- The paper introduces GraphFC, which represents claims as graphs using <subject, relation, object> triplets for precise and structured verification.
- It employs a three-phase process—graph construction, guided planning, and guided checking—to break down complex claims and mitigate ambiguity.
- Experiments on HOVER, FEVEROUS, and SciFact show significant improvements in verification accuracy, especially in complex multi-hop reasoning tasks.
A Graph-based Verification Framework for Fact-Checking
Introduction
The presented paper introduces a novel framework titled GraphFC, a graph-based approach to fact-checking, aimed at overcoming inherent limitations in existing methodologies that leverage LLMs. Traditional methods frequently encounter challenges related to insufficient decomposition of claims and ambiguity in mention resolution. The paper proposes representing claims as graphs comprising triplets—<subject, relation, object>—to address these issues. This representation enables a more granular decomposition, thereby reducing complexity and verifying claims by providing explicit relational constraints.
Methodology
GraphFC comprises three main components: graph construction, graph-guided planning, and graph-guided checking.

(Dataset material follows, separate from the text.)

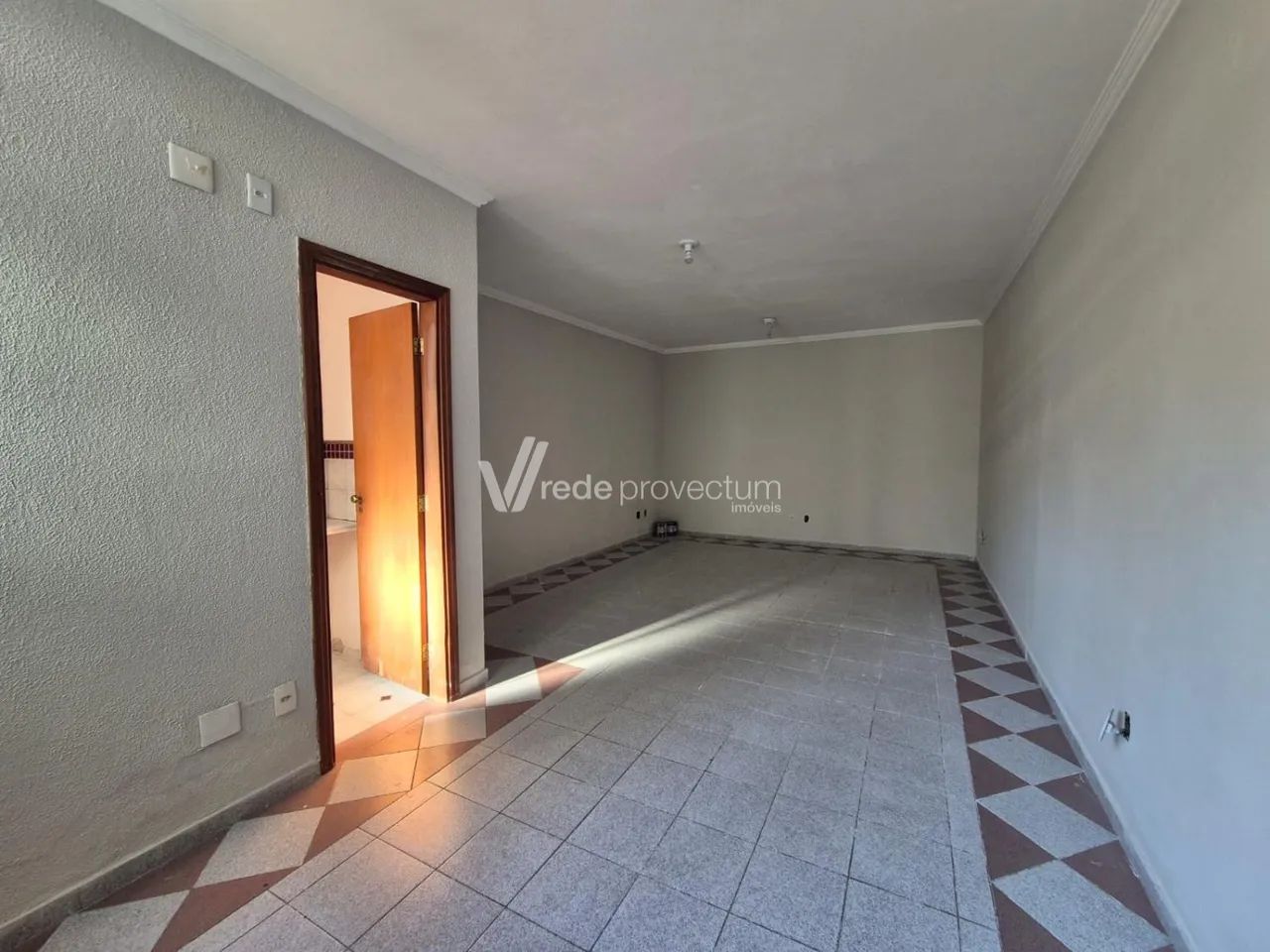 VENDE-SE SALA COMERCIAL JARDIM BRASIL - Foto 5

- Graph Construction: This involves transforming natural language claims and evidence into graph structures. The claim is parsed into triplets. Known entities in the claim are mapped within this structure, while unknown entities are placeholders requiring contextual inference.

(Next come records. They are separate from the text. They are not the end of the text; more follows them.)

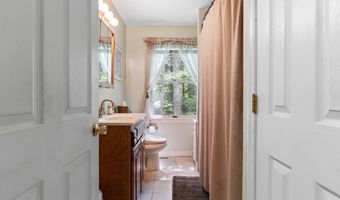 175 Buck N Doe Trl, Augusta, ME 04330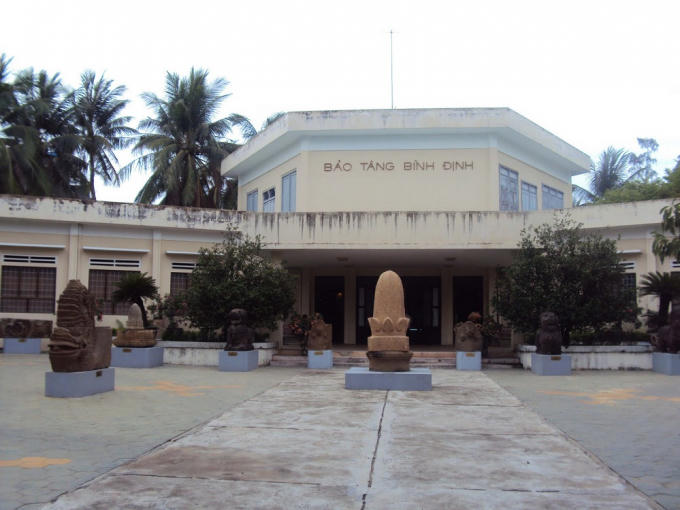 Bảo Tàng Bình Định trưng bày các hiện vật lịch sử, văn hóa của Bình Định từ những thế kỉ đầu Công nguyên đến nay
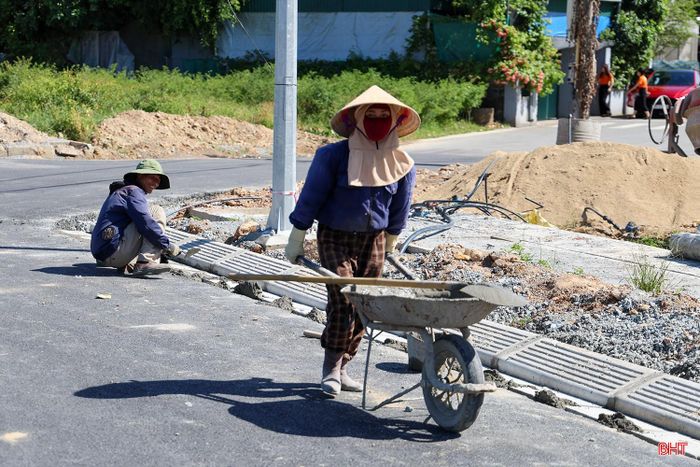 Từ việc đối thoại, tuyên truyền, vận động đến rà soát kỹ hồ sơ, chính sách bồi thường, các đơn vị đã tháo gỡ thành công những vướng mắc cuối cùng của 3 hộ dân còn lại trên tuyến. Mặt bằng sạch được bàn giao đã tạo điều kiện để nhà thầu tăng tốc thi công, hoàn thiện các hạng mục còn dang dở.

- Graph-Guided Planning: This component organizes and prioritizes the order of triplet verification. Triplets without unknown entities are prioritized to allow early grounding of references, preventing ambiguity.
- Graph-Guided Checking: This involves two subtasks—graph matching and graph completion. Known triplets are directly matched with the evidence graph, and incomplete triplets undergo graph completion tasks to infer unknown entities' identities, proving the higher robustness of GraphFC against the former text-based approaches.
Figure 1: An illustration demonstrating the differences between existing textual sub-claims and our graph-based sub-claims. The example is from the HOVER dataset.
Experimental Setup and Results
Extensive experiments were conducted on multiple datasets, including HOVER, FEVEROUS, and SciFact, comparing GraphFC to established baseline methods. The results consistently demonstrated that GraphFC achieved superior accuracy, particularly as the complexity of claims increased from 2 to 4-hop reasoning tasks.
Figure 2: Overeview of {GraphFC}.
This improvement is attributable to the framework's ability to effectively break down complex claims into manageable units for verification, without the loss of contextual information, evident from the significant performance gains over traditional decomposition methods.
Ablation Studies
Ablation studies further validate the effectiveness of the proposed components. Removing the evidence graph construction or graph-guided planning notably reduced performance, underscoring their importance in maintaining claim structure and verification sequence integrity.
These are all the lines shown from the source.